Kubio - the kickstart

Find out how you can use Kubio for designing the website you envision.

Contact form block

No website should miss having a contact form. It’s an effective way to be in touch with prospects, customers, and others. Now, forms are not native to WordPress. This is why you need to use a form plugin. Our recommendations are: Contact Form 7, Forminator, and WPForms

Before using the contact form block, you will need to create a form with one of these plugins. Next, you can drag the contact form block to the section you want on your page, or add the block from any “+” sign on your canvas.

Contact form block: basic edits

When you select the contact form block, you will see a toolbar showing up on top of it, with several basic editing options. In a previous chapter, we explained the common editing options for all blocks. In the case of the contact form block, here are the ones that apply: positioning, duplicate, insert before, insert after, copy style, paste style, paste style and link, and remove block. The copy and paste styling options are available with the PRO plans.

contact form block basic edits

Now, the contact form block can recognize any forms you’ve built, but you can also paste a custom shortcode.

Contact form block: customizations with the Kubio block editing panel 

The moment you select any block, a block editing panel will open up on the right-hand side. It always has three options: content, style, and advanced. The possibilities inside vary from block to block. Let’s look at what distinguishes the contact form block from the rest of the blocks.

Content
contact form block content edtis

At the “Content” level you can:

  • Add forms.
  • Align horizontally the form elements.
  • Choose to use the plugin’s style.
Style

If you choose to go with a different style than the one in your form plugin, you can do this inside the “Style” and “Advanced” options. 

A form is made of:

  • A form container
  • Fields
  • Labels
  • Submit buttons
  • Notices

Inside “Style” you can make custom edits to all the above. Let’s take them one by one:

Form container edits: background color and padding.

contact form styling - form background and color

Label edits: text color, typography, and text alignment.

labels edits for the contact form block

Field edits: you can style the fields in the normal, hover, or focus states. You can customize text, background and border colors, typography,  margins, and paddings.

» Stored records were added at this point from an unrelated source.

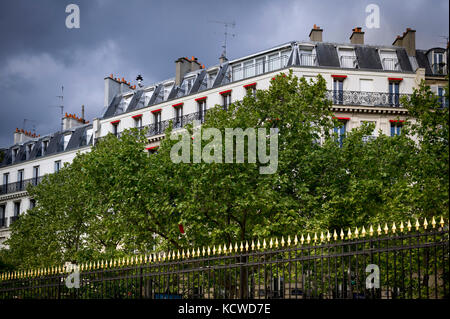 Luxembourg gardens fence and apartment buildings surrounding the park. Stock Photo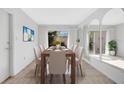 Bright dining room with a wooden table, seating for eight, and a sliding door to the outside at 13850 Sunset Dr, Largo, FL 33774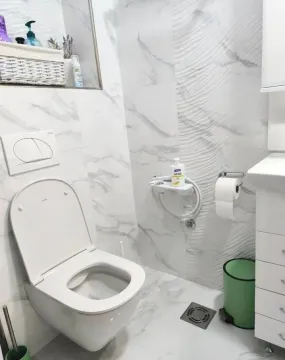Moderno i svetlo uređeno kupatilo sa belim mermernim pločicama i wc šoljom. - image 8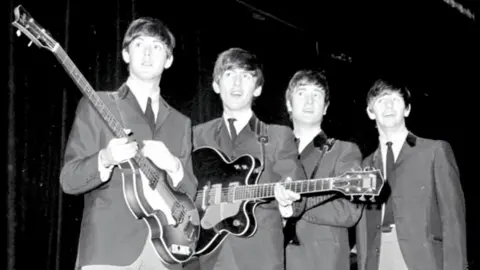 PA Media A black and white photograph of all four members of The Beatles holding guitars backstage on their 1963 tour.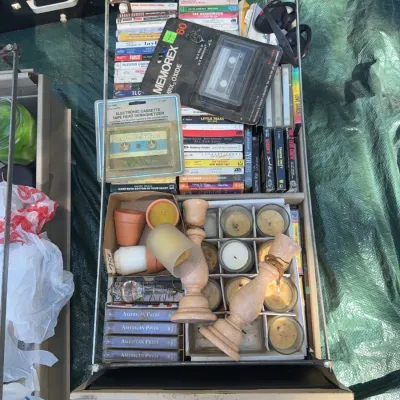 Sale Photo Thumbnail #48: Open metal drawer filled with vintage cassette tapes, a Memorex blank cassette in original packaging, a tape head demagnetizer, small candles, and wooden candleholders.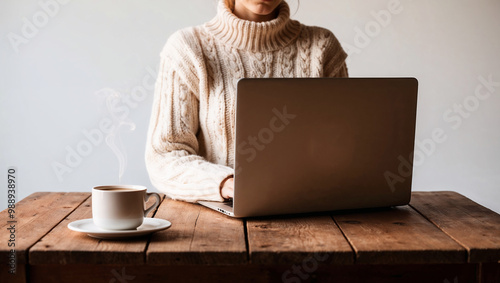 집에서 커피를 마시면서 노트북을 하는 니트를 입은 여성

contact forms field styling

Button edits are allowed for the normal and hover states. You can customize text, background and border colors, typography,  margins, paddings, box shadow, and button alignment.

contact form submit button edits

Notice edits: when the user fills in the form fields, you can guide him with notices. Also, the moment a form gets submitted, you can notify the user that the submission was successful or had errors. This is why we have defined three types of notices: info, error, and success. By default, the info notices have a yellow background color, the errors are red, while the success messages are on a green background. We suggest that they stay like this because it’s a pattern recognizable across all websites.

Now, here are the other customization options available: typography color, border color, typography, margin, and padding.

Notice edits for the contact form block
Advanced

At this level, you can make edits for the normal and hover states across the:

  • Form container,
  • Labels,
  • Fields,
  • Submit button,
  • Error notice,
  • Info notice,
  • Success notice.

All the below customizations are available for all of the above:

  • Background. Here you can make adjustments to background color and type.
  • Spacing. Here you can set up the margins and paddings for the contact form block items.
  • Border and shadows. Here you can add borders with a different color, radius and thickness to your block. Also, you can add box shadows. You have full control over the position, blur, spread, and color of the box shadow.
  • Typography. You can set up a different font family, font size, and weight for the text. You can add decorations to text, set up capitalization, and adjust line height and letter spacing. When you select the “default” option you’ll be taken to the General Settings, where you can change defaults (color scheme, typography, etc.).
  • Responsive. Here you can decide whether the block will show or not on desktop, tablet, or mobile.
  • Miscellaneous. At this level, you can set up the z-index of your block (vertically order the elements that overlap), set up if the element overflows or not (displaying the content of the block flowing out of its container into the surrounding area), add HTML anchors and CSS classes.